Cleaning your data with Google Sheets

Getting your data ready for analysis and data visualization

In this article, we’re focusing on how you can use the built-in features within Google Sheets to clean up data and prepare it for analysis and data visualization. The main purpose of this process is to ensure that the data is valid, consistent, complete, and uniform. Let’s explore the Google Sheets data cleanup features — Cleanup Suggestions, Remove Duplicates, and Trim Whitespace.

While we will touch on why cleaning data is an important step, this is not meant to be an overview of the subject. For that, we’d recommend checking out the sources below from Tableau, Toward Data Science, and ThoughtSpot.

These insightful pieces are a great primer on the topic.

Cleanup Suggestions — What is it and what does it do?

Often, when you receive or download a dataset, it’s not in the format you need it to be in. For example, information may be in the incorrect column, missing values, spelling mistakes, inconsistencies in how items are named/labeled, different formats for dates and numbers, information irrelevant to your analysis, etc.

While it may be easy to spot these issues when you’re working with a relatively small dataset, handling a large dataset is a whole different matter. Luckily, the Cleanup Suggestions feature in Google Sheets can help with this.

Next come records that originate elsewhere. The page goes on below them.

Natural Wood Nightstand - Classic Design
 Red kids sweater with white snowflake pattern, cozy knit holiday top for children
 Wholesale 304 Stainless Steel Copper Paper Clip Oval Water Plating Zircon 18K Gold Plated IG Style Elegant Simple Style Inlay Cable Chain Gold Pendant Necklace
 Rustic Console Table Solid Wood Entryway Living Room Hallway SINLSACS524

What is Cleanup Suggestions?

Think of Cleanup Suggestions like your personal data detective. When you import your data, the Cleanup Suggestions feature goes to work, spotting common mistakes for you. It can help you tidy up stuff like getting rid of extra spaces, kicking out those pesky duplicates, giving numbers a neat format, pointing out weird stuff, and even sorting out data that's all over the place. Here are some examples of Cleanup Suggestions:

  • Unused spaces: If you have extra spaces before a word, Google will suggest removing them.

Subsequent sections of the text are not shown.